- Michelle Yeoh as Wai Lin in a promotional photo for Tomorrow Never Dies
- Portrayed by: Michelle Yeoh
- Voiced by: Larissa Murray (1999 video game)

In-universe information
- Gender: Female
- Affiliation: Chinese Intelligence
- Classification: Bond girl

= Wai Lin =

Fictional character

Wai Lin (林慧 (Lín Huì)) is a fictional character in the 1997 James Bond film Tomorrow Never Dies, portrayed by Michelle Yeoh.

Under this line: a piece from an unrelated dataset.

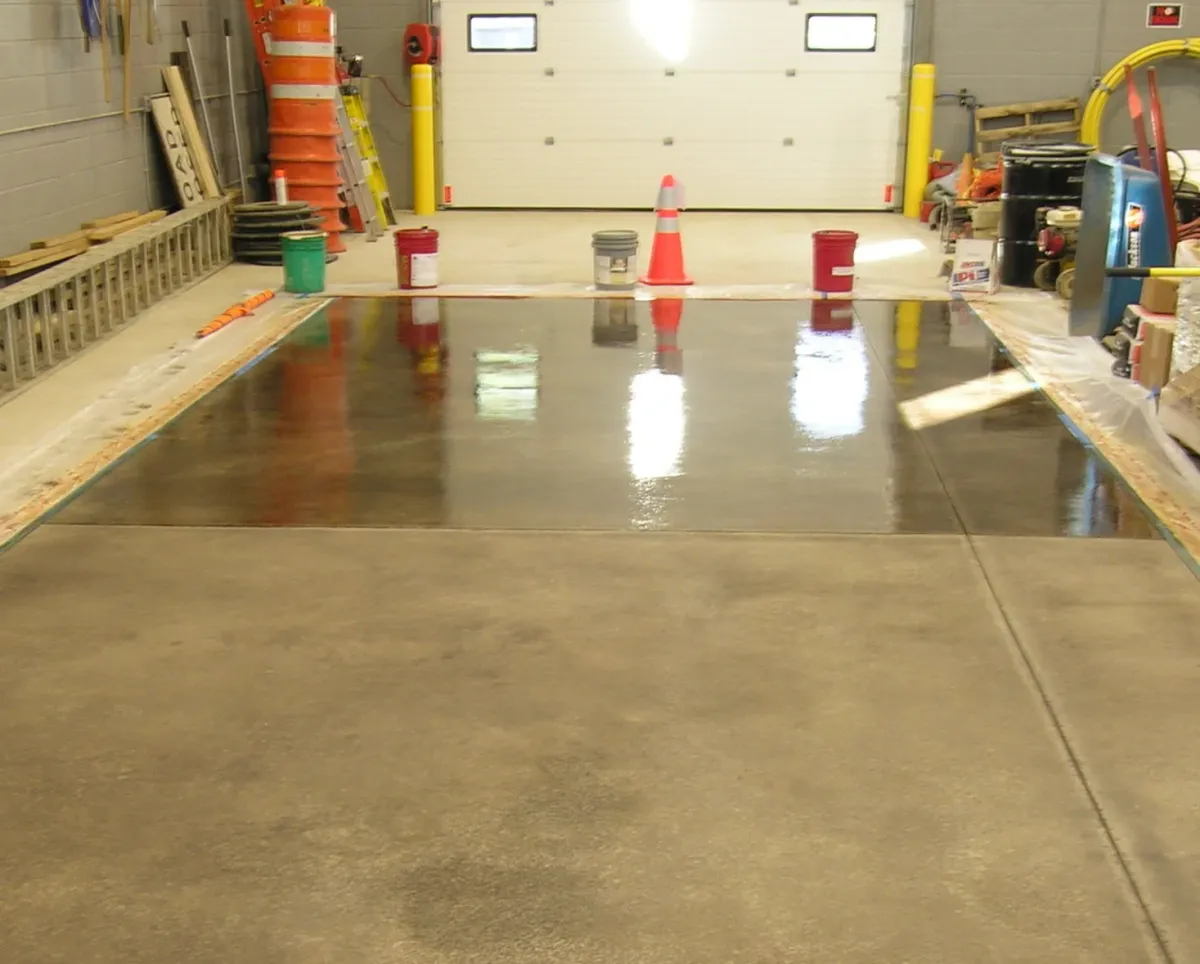 Clear-coated concrete floor showing raw concrete underneath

Kin-Yan Szeto, author of The Martial Arts Cinema of the Chinese Diaspora: Ang Lee, John Woo, and Jackie Chan in Hollywood, wrote that the actress's "persona" was the "tough martial arts/action heroine [Yeoh] had established in Hong Kong cinema."

==Appearances==
===Film===
Wai Lin (Michelle Yeoh) is a spy for the Ministry of State Security of the People's Republic of China with the rank of colonel and skilled in martial arts. She first encounters James Bond (Pierce Brosnan) when she is sent (under disguise as a Xinhua News Agency reporter) to investigate the disappearance of stealth material from a People's Liberation Army base which is connected to media mogul Elliot Carver (Jonathan Pryce), who plans to start a war between China and the United Kingdom. She later learns that Bond was sent by MI-6 to work on the same case. The two initially believe they have been ordered to kill each other, but eventually develop a wary mutual trust when they are both captured by Carver. Bond grows to respect her when she playfully, but firmly, rejects his attempts at seduction. Bond and Lin sneak about Carver's private ship and they work together to destroy the ship and disable a missile that was targeted at China. She and Bond then give in to the mutual attraction they had both been fighting during the mission.

Stephen Yiu-Wai Chu (朱耀偉), author of Lost in Transition: Hong Kong Culture in the Age of China, wrote that the film and its promotional materials "incessantly highlighted" the character's "Chineseness".

===Other appearances===
In the film's novelization by Raymond Benson, Wai Lin has an entire chapter devoted to introduce her character, detailing "her involvement with the Chinese Ministry of State Security, her training, her skills, and many other facets of her life that made her a real person. Her relationship with Bond is also much more realistic."

In the 1999 video game adaptation of the film, Wai Lin (voiced by Larissa Murray) is both a playable (Mission 9: Market District, Saigon) and a non-playable character (Mission 10: Stealth Boat, Hạ Long Bay).

A one/sixth scale action figure of her was released by Sideshow Collectibles in 2001.

In early scripts for Die Another Day, Wai Lin was to make a return, aiding Bond in Hong Kong. If this had happened, Wai Lin would have been the second Bond girl to appear in two films, following Sylvia Trench (Eunice Gayson) in Dr. No and From Russia with Love. However, this idea fell through so Wai Lin was replaced by Chinese intelligence agent Mr. Chang (played by Ho Yi) in the finished film.

==Reception==
The character was generally well-received. Life named Wai Lin as the 11th best Bond girl of all time. In 2010, Entertainment Weekly ranked her as the seventh best Bond girl, calling the "savvy Chinese agent" one of the few "wom[e]n of colour to match wits with 007" and "the first one you could take seriously." In 2012, the International Business Times included Michelle Yeoh's Wai Lin among the top 10 "most stunning" Bond girls of all time. She was also included in the list of the 20 best Bond girls by Virgin Media, which called her "an equal match for Bond", as well as in a similar list by Triple M Melbourne.

MensXP.com ranked the "sexy and stern at the same time" Wai Lin as the seventh top Bond girl of all time; Fandomania ranked her as the second best Bond girl, stating that she was "the right type of Bond Girl at the right point in action cinema’s evolution." UGO noted that "Bond actually grows to respect the Chinese agent after she playfully but firmly spurns his romantic advances – one of the very few Bond Girls to pull that off!"